Fresh Squeezed Ideas mirrored what the vast majority of other participants were experiencing, according to study of its effectiveness that was completed by researchers at Boston College, University College Dublin and Cambridge University.

Some of the positive numbers released by the study showed that 90 per cent had a positive experience and none will go back to a five-day week.

As well, revenues rose an average of 38 per cent over the same period last year.

The six-month pilot included more than 30 employers with almost 1,000 employees in the U.S., Ireland, Australia and Canada.

“Companies who have been struggling along on several different fronts, with recruitment, with retention, with work-life balance, with gender disparities in the workplace, with burnout overload, one of the things that they’re finding is that giving people back time, in a way that also empowers them at work and encourages and provides a structure in which they can be thoughtful and innovative in ways that aren’t going to end up costing them their own jobs,” says Alex Soojung-Kim Pang, program director at 4 Day Week Global in Menlo Park, Calif.

“It turns out to be a great way to address all of those problems.”

One Montreal company has permanently switch to a 4.5-day workweek with great success.

What about the client?

For those companies who worry about the impact on clients, who suddenly might have less access to service providers, this isn’t manifesting itself, says Soojung-Kim Pang.

“The good news is that clients are often some of the biggest supporters of four-day week trials because they are facing the same kinds of challenges with recruitment and retention and burnout that you are, and if you can figure out how to solve them, then maybe they can learn from you.”

For Fresh Squeezed Ideas, a similar experience has occurred, according to McCauley.

“When we originally introduced the notion, most clients that we were working with in partnership, were really excited about it.”

The company regular meets with clients after a project is completed and it has asked them how they felt about the four-day workweek.

“We’re happy to not book meetings on Fridays because that’s what we asked, they’re happy.

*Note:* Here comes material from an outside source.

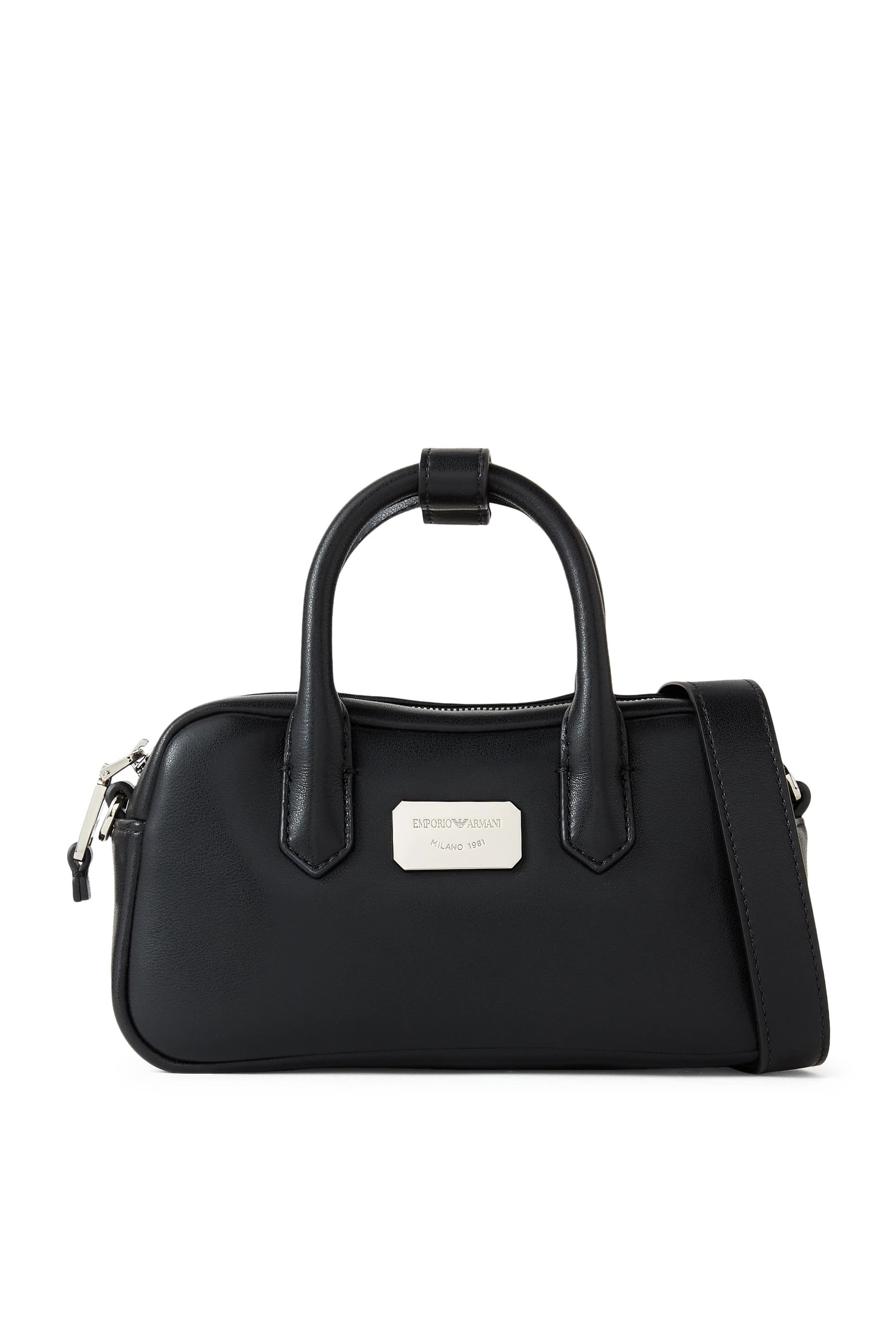 حقيبة يد بشعار الماركة جلد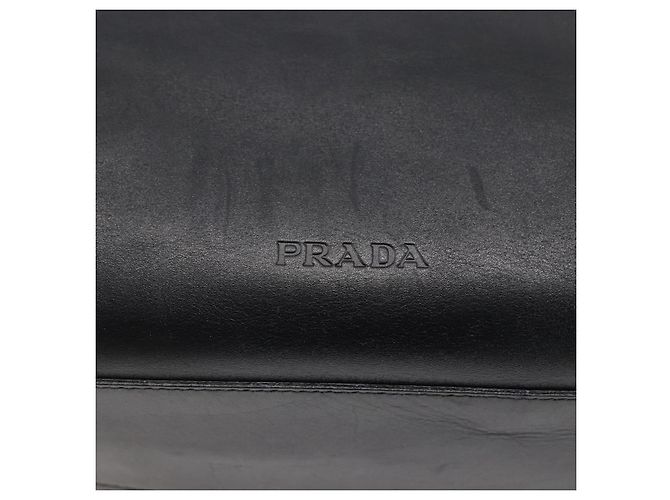 PRADA Borsa a mano in pelle nera argento Auth bs30432 Nero - vista 10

It helps them out, less meetings for our clients on Fridays as well So I would say there’s interest in seeing how it goes,” says McCauley.

“Overall, it’s been a positive experience for our employees and our clients are, for the most part, unaware that it’s happening.”

A previous four-day pilot was “seamless” according to survey results gleaned after the project’ completion.

Good for retention

Employers are also winning the retention battle when they make the switch, says Soojung-Kim Pang.

“What companies have told me after having a four-day week in place for several years is that they are seeing substantial improvements in their ability to recruit good workers and to retain them and especially in marketing or nursing, industries in which there is traditionally a lot of turnover. This can mean both company performance is better but also they end up saving a whole bunch of money in recruiting and spending on temp agencies and so there’s an indirect benefit there.”

And the four-day week is particularly good for working parents and mothers who are looking to get back into an industry they may have left due to having children, he says, “and that company now becomes super attractive to them and they’re able to perform at a level that is appropriate to their skills and professional experience in a way that is often difficult for them to do at larger companies that are still, for all of the progressive talk, suspicious of the seriousness of working moms.”

This change will be permanent at Fresh Squeezed Ideas, despite some early reservations.

“One of our team members actually acknowledged partway through that they used to when Sunday night would come along, they used to experience a fair amount of anxiety as they thought about the five days ahead of them but now Sunday comes in, they’re like, ‘I can already see Thursday, it’s not too far away.”

“It eliminated that stressful feeling of having the weight of five days on their shoulders and I think that’s true for a lot of people within the organization.”